Partai Golkar pun, ujar Lodewijk, belum juga memutuskan apakah akan mengajukan paket MPR dengan KIK atau tidak. "Apakah partai Golkar akan ke KIK atau ke yang lain, kan belum juga," ujar purnawirawan TNI itu.
Namun, dalam konteks kesantunan politik, ujar Lodewijk, Golkar sebagai pemilik kursi terbanyak kedua di perlemen, tetap dirasa paling berhak mendapatkan kursi Ketua MPR di periode kepengurusan parlemen mendatang. "Kalau berbicara konteks kesantunan, ya, harusnya begitu," ujar Lodewijk.

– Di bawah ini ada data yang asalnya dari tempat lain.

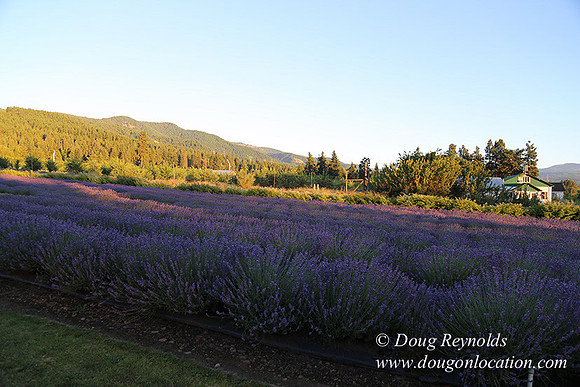 Bob's Lavender-8715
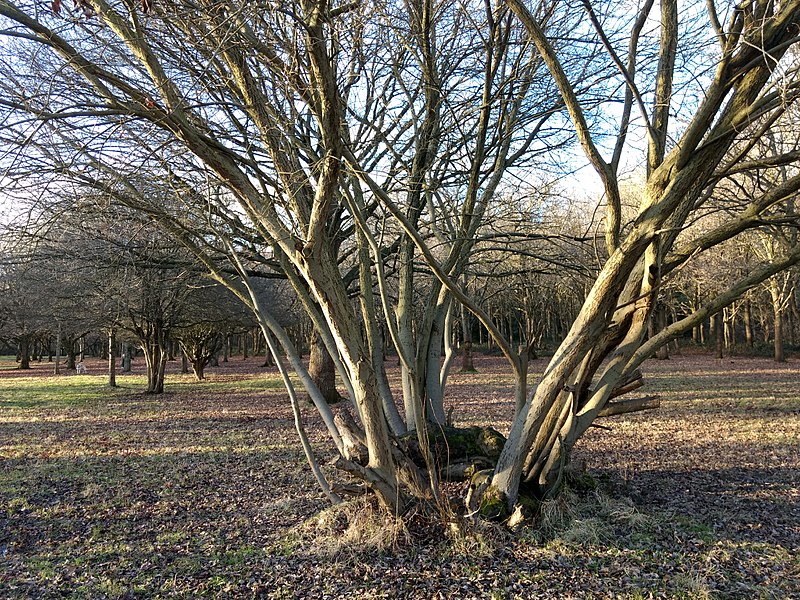 File:Woodlands north of Monken Hadley Common bridle path 05.jpg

Sebelumnya, terjadi pertemuan antara empat ketua umum partai KIK, yakni Nasdem, Golkar, PKB dan PPP di DPP NasDem Gondangdia, Jakarta pada Rabu lalu. Namun, pertemuan itu tidak melibatkan perwakilan PDIP. Dua hari kemudian, terjadi pertemuan antara Ketua Umum PDIP Megawati Soekarnoputri dan Ketua Umum Gerindra Prabowo Subianto. Usai pertemuan, Sekretaris Jenderal PDIP Hasto Kristiyanto mengatakan, Partai Gerindra dan PDIP memiliki sejumlah garis politik dan konsep politik yang sama dengan Partai Gerindra.
Hal ini, istilah Hasto, membuka peluang kerjasama dengan Gerindra. Kendati tidak berkoalisi, ujar Hasto, ada banyak ruang untuk bekerjasama dengan Gerindra dalam hal mengajukan paket MPR sebagai jalan tengah. "Iya, bisa. Ada ruang, kerjasama di parlemen, DPR, MPR," ujar Hasto Kristiyanto di kediaman Megawati, Jalan Teuku Umar, Jakarta pada Rabu, 24 Juli 2019.
Lodewijk mengatakan, memang ada dua kemungkinan jika Gerindra ingin merapat. Pertama, masuk kabinet. Kedua, memperkuat parlemen. Untuk opsi kedua, ujar Lodewijk, tentu perlu pembahasan bersama.
"Kalau untuk masuk kabinet kan sepenuhnya hak prerogatif presiden. Tapi kalau parlemen dan alat kelengkapan Dewan, tentunya ketum perlu berkumpul dengan Pak Jokowi untuk memutuskan," ujar Lodewijk.